Chapter 33 – Kebetulan
Aku meninggalkan kafe manga dan
menelusuri jalanan kota di malam hari dengan muka tertunduk.
Suhunya sangat dingin sekali.
Sudah lama sejak aku keluar pada larut malam begini. Kelap-kelip lampu dari
papan toko maupun dari penerangan jalan terasa menyilaukan di mataku. Area yang
ada di depan stasiun merupakan satu-satunya tempat hiburan di sekitar sini. Di
sekitar sini terdapat pusat permainan, tempat karaoke, dan pachinko.
Karena sekitar sini tempat
semacam itu, jadi tentu saja ada beberapa orang yang tidak ramah dan
menjengkelkan.
Aku senang bisa membawa
Enami-san ke kafe manga. Dia mungkin takkan terlibat dalam banyak masalah
karena kepribadiannya, tetapi dia tidak boleh sering berkeliaran sendirian.
Aku berhenti di depan salah
satu pusat permainan.
Kenangan dari masa lalu terlintas
di benakku.
Kenangan saat aku masih menjadi
idiot.
Saat aku masih jadi anak
berandalan, aku sering bermain di sini.
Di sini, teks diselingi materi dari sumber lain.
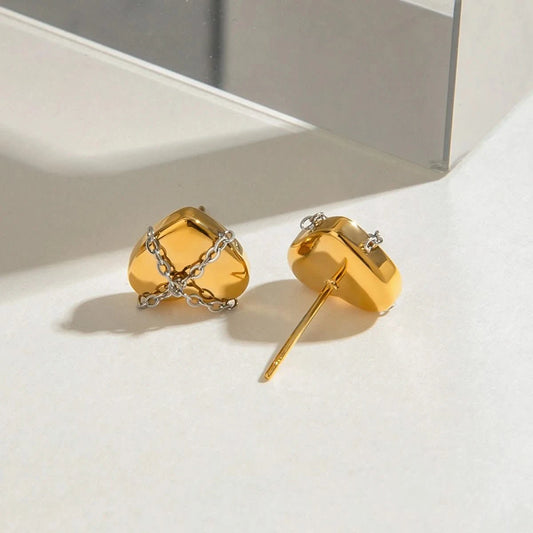 "Love Heart Silver Chain Stud Earrings - Minimalist Style"
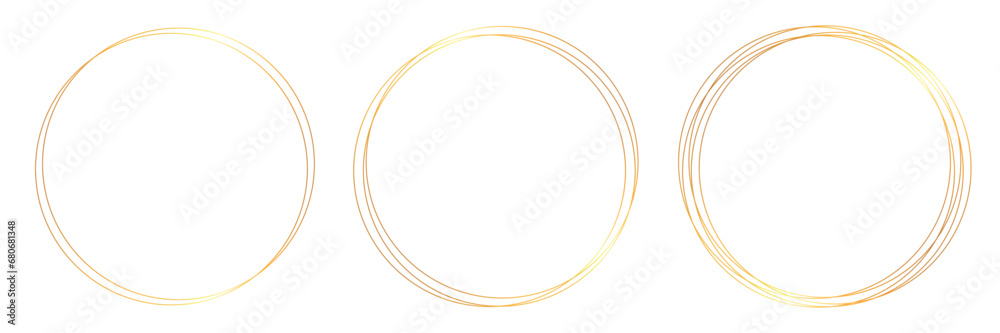 Gold round set circle frame, golden frame collection - stock vector Gold round set circle frame, golden frame collection - stock vector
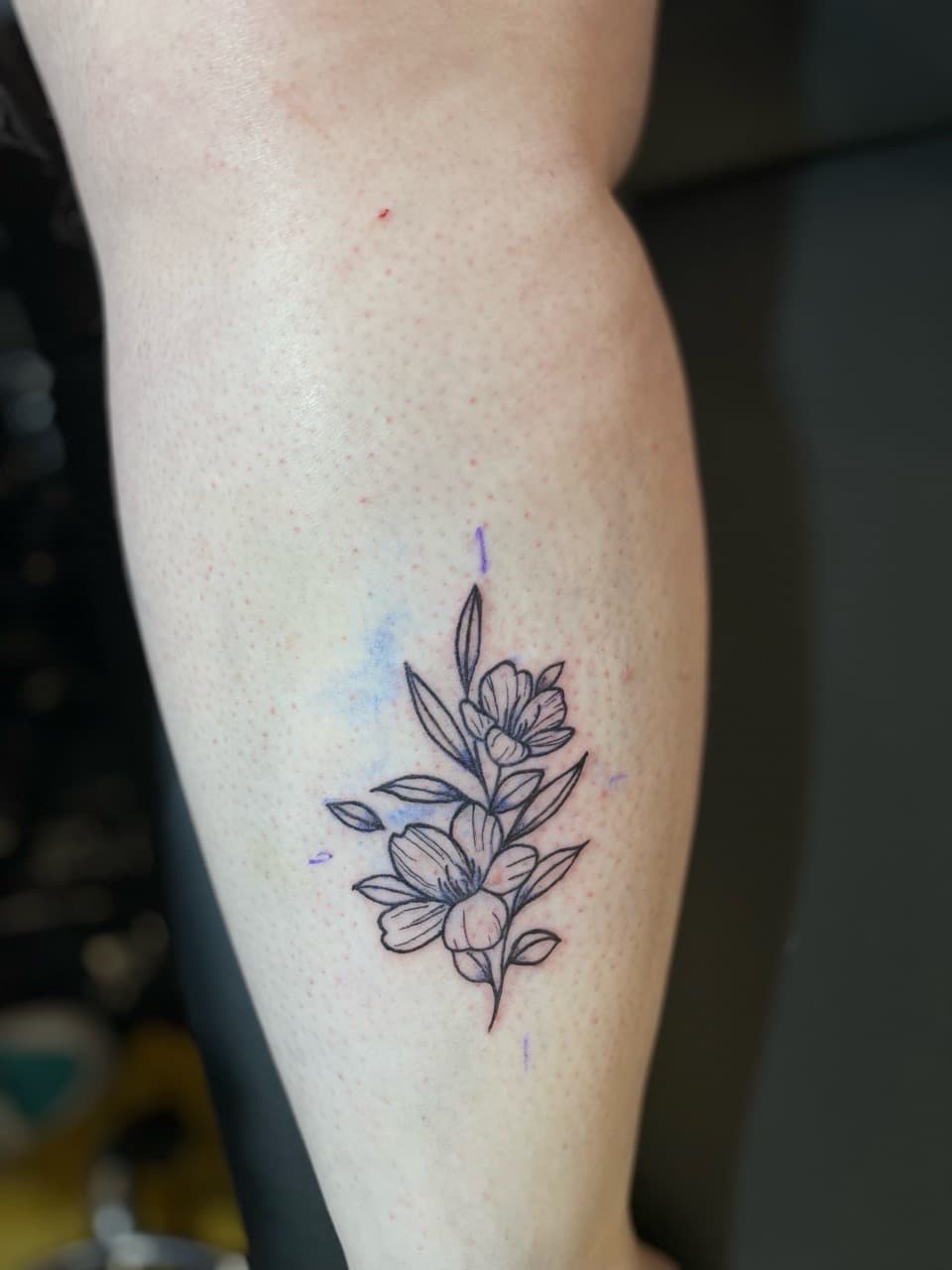 Fine Line + Floral flowers tattoo on Calf by Ariesinkedme on TattMe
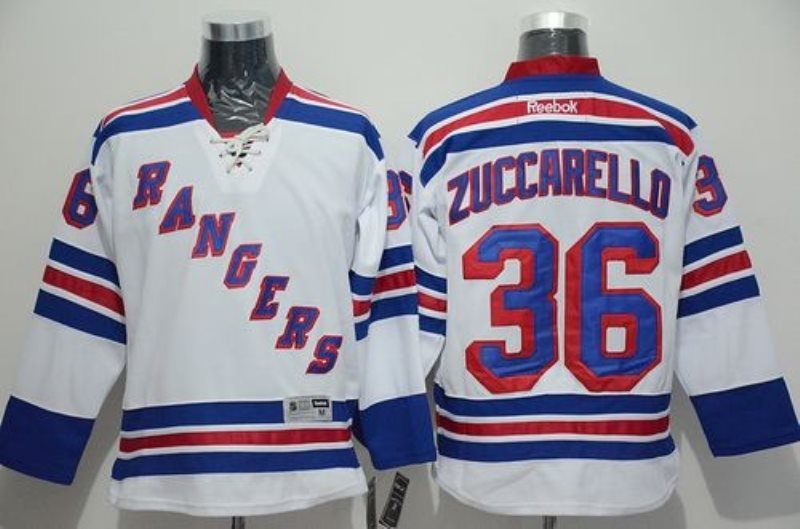 NHL Rangers 36 Mats Zuccarello White Road Men Jersey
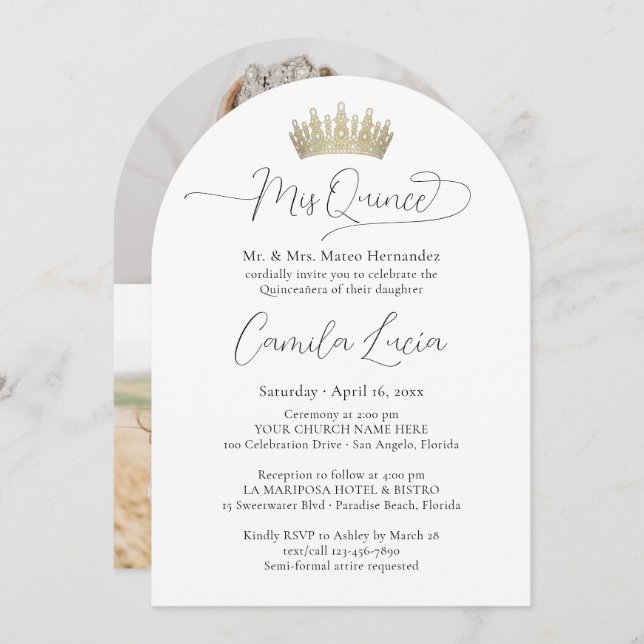 Elegant Minimal Quinceañera 3 Photo Mis Quince Invitation (Front/Back)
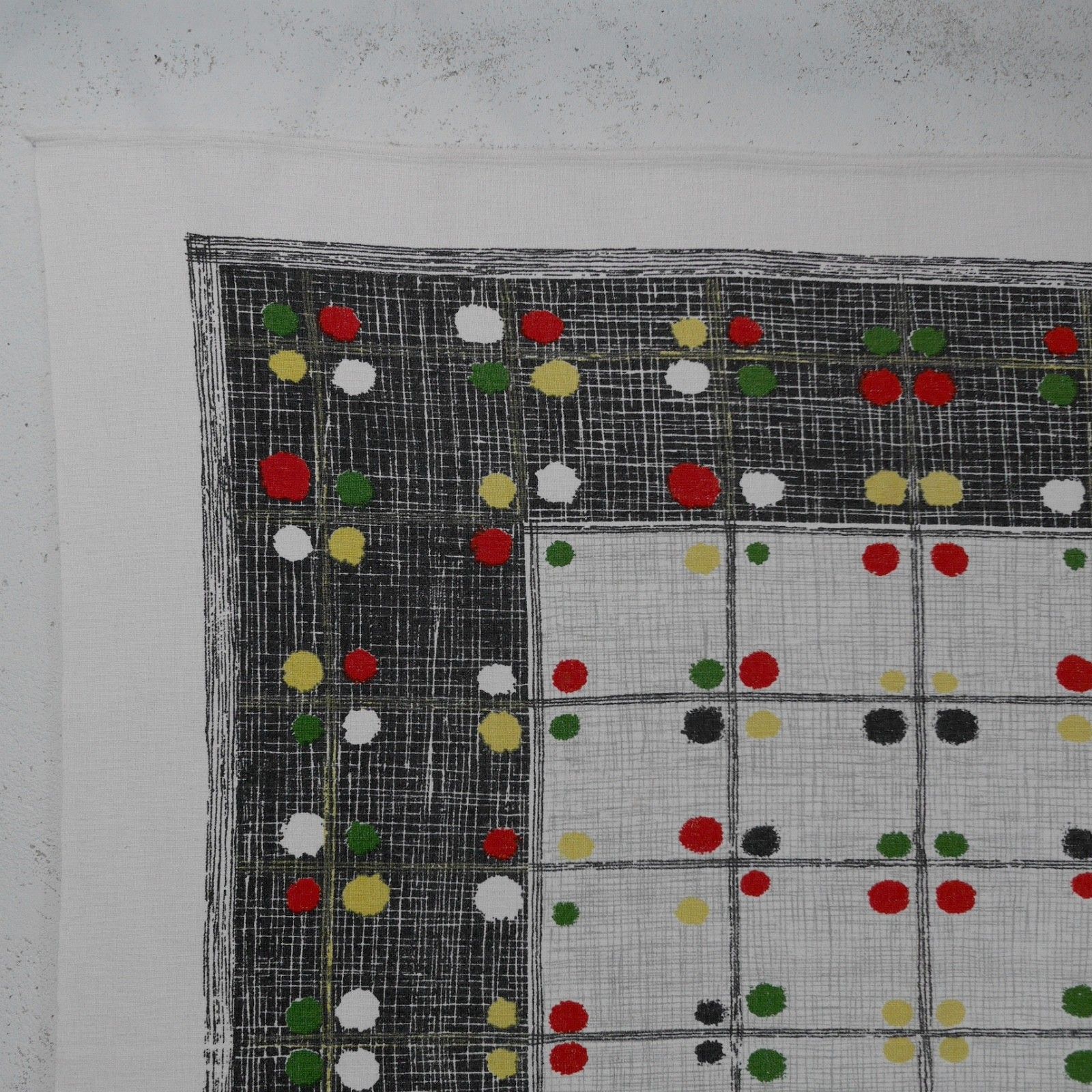 Mid Century Tablecloth Fabric Cotton Geometric Dot Black Green Red #103221 photo vintage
Bahkan sampai larut malam, aku akan
berjalan-jalan dengan acuh.
Itu adalah kenangan yang ingin aku
lupakan.
Aku segera berbalik untuk
melanjutkan perjalanan pulang. Tapi setelah beberapa langkah, aku melihat
segerombolan cowok keluar dari tempat pusat permainan. Mau tak mau aku berbalik
saat mendengar suara mereka.
Ada sekelompok cowok yang
kelihatannya seumuran denganku. Mereka semua mengenakan pakaian biasa, tapi
mereka mungkin anak SMA. Alasan mengapa aku segera mengenali mereka ialah
karena ada seseorang dalam kelompok itu yang menarik perhatianku.
Cowok dengan penampilan tinggi
kurus. Rambutnya disemir berwarna merah terang. Mukanya tampak bosan ketika
memandangi teman-temannya yang membuat banyak kebisingan.
Ia terlihat tidak bahagia, tapi
tidak ekspresinya tidak terlalu
menunjukkannya. Dia tampaknya tidak tertarik dengan percakapan itu, dan cuma Ia
yang satu-satunya diam terus.
Aku penasaran apakah itu yang
menjadi alasannya. Saat Ia menoleh ke arahku, tatapan matanya tak sengaja
bertemu denganku.
“……!”
Gawat. pikirku
dan bergegas untuk membunag muka.
Mereka berjalan perlahan ke
arahku. Lambat laun, suara mereka menjadi semakin keras.
“Loe payah banget sampe buat
kesalahan tadi.”
“Berisik loe. Jangan belagu
deh, loe cuma kebetulan menang doang.”
“Muka kesel loe lucu banget
hahahaha.”
Meski sudah larut malam, volume
suara mereka tidak diturunkan. Itu sebabnya aku bisa mendengar seluruh
percakapannya.
Aku merasa kalau aku harus
cepat pergi dari tempat ini, tapi aku tidak bisa bergerak cukup cepat.
“Awas saja nanti, biar gue
bikin babak belur manajer itu.”
“Bener banget. Ia memaksa kita
keluar!”
Pusat permainan biasanya tutup
pada jam tengah malam. Kurasa itu sebabnya mereka harus meninggalkan toko.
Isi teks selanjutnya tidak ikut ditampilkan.